# Friendly hello to all members!



## tinyliny (Oct 31, 2009)

Oh goodie! Another portrait artist!~ Welcome Wild one.


----------



## Marlea Warlea (Apr 27, 2010)

you two could like be related LOL

you are both my fave artists in the world!!

tiny liny- we had a church fellowship at my house and everyone was admiring your work, mum gave them your website address so be prepared


----------



## gaelgirl (Mar 3, 2011)

Welcome! Did you draw your profile pic? It is very good.


----------



## wildmustango (Jul 7, 2011)

Hello friends, 
thank you. Yes I did draw my profile picture. I love drawing horses, they are such an awesome inspiration!I do lots of custom portraits-commissions.
You can see more on my website ; affordablehorseportraits.weebly.com

Tinyliny, I looked at yours and it`s very nice,too.


----------



## LetAGrlShowU (Mar 25, 2009)

Welcome to the forum


----------



## wildmustango (Jul 7, 2011)

nice to meet you all!


----------



## lildonkey8 (Dec 12, 2010)

Welcome to the forum wildmustango!

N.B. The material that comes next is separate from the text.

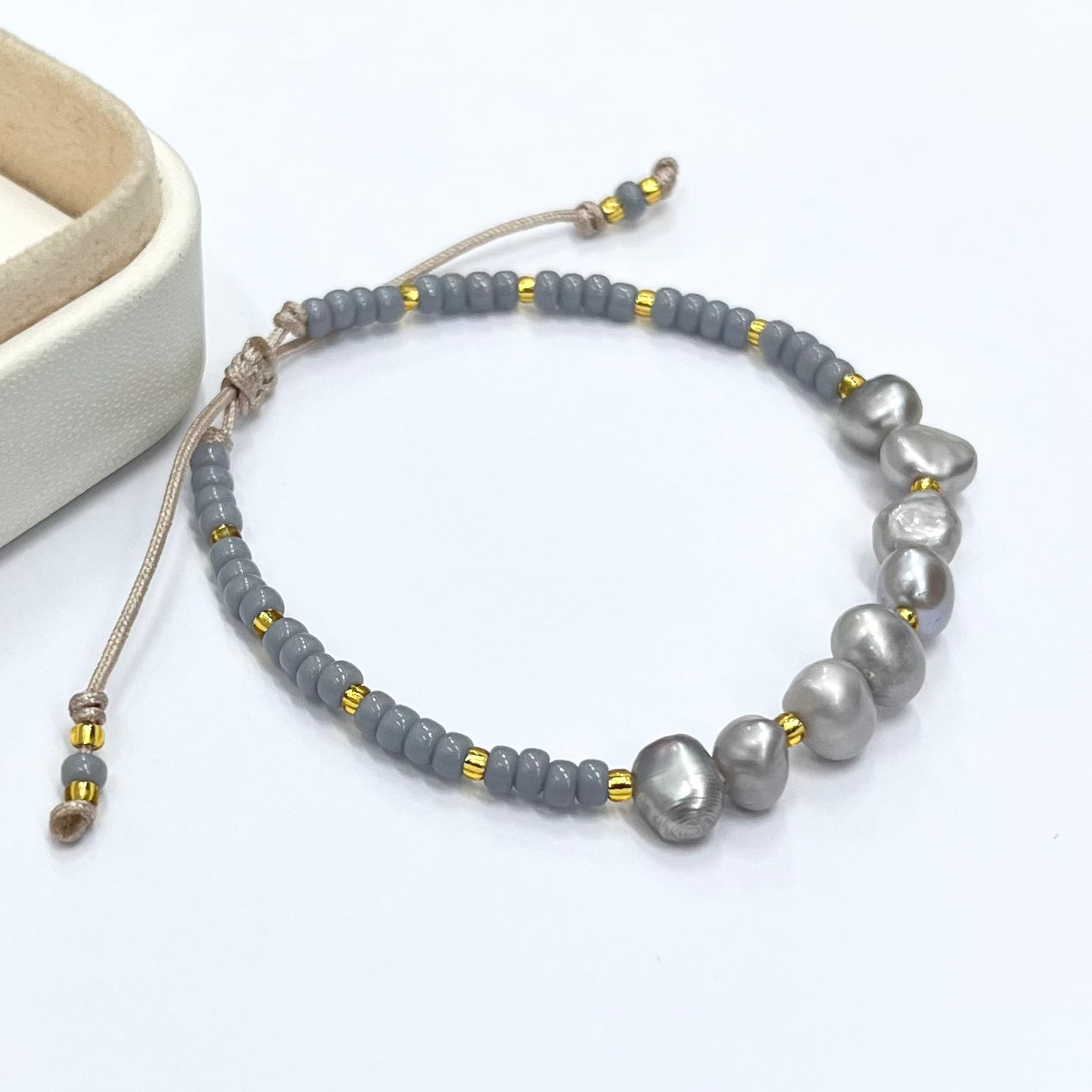 PULSERA PERLAS GRIS | LUNAM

You in AZ by any chance?


----------



## wildmustango (Jul 7, 2011)

to Lildonkey8; 
No, I`m quite a distance from AZ, actually. Is that a problem for some reason? How can I help you? If you`re interested in horse portrait, I work from photos so you can just send the photos to me by email.....and I will mail the portrait to you when it`s done. Or you would need something else?


----------



## Marlea Warlea (Apr 27, 2010)

i think she just wants to know.... shes utterly friendly.. at one stage she organised a sleepover with someone that lives in australia


----------



## DRC (Jun 29, 2011)

Welcome! Great picture!


----------



## wildmustango (Jul 7, 2011)

Thank you, I hope so, because it took many many hours and lots of effort!


----------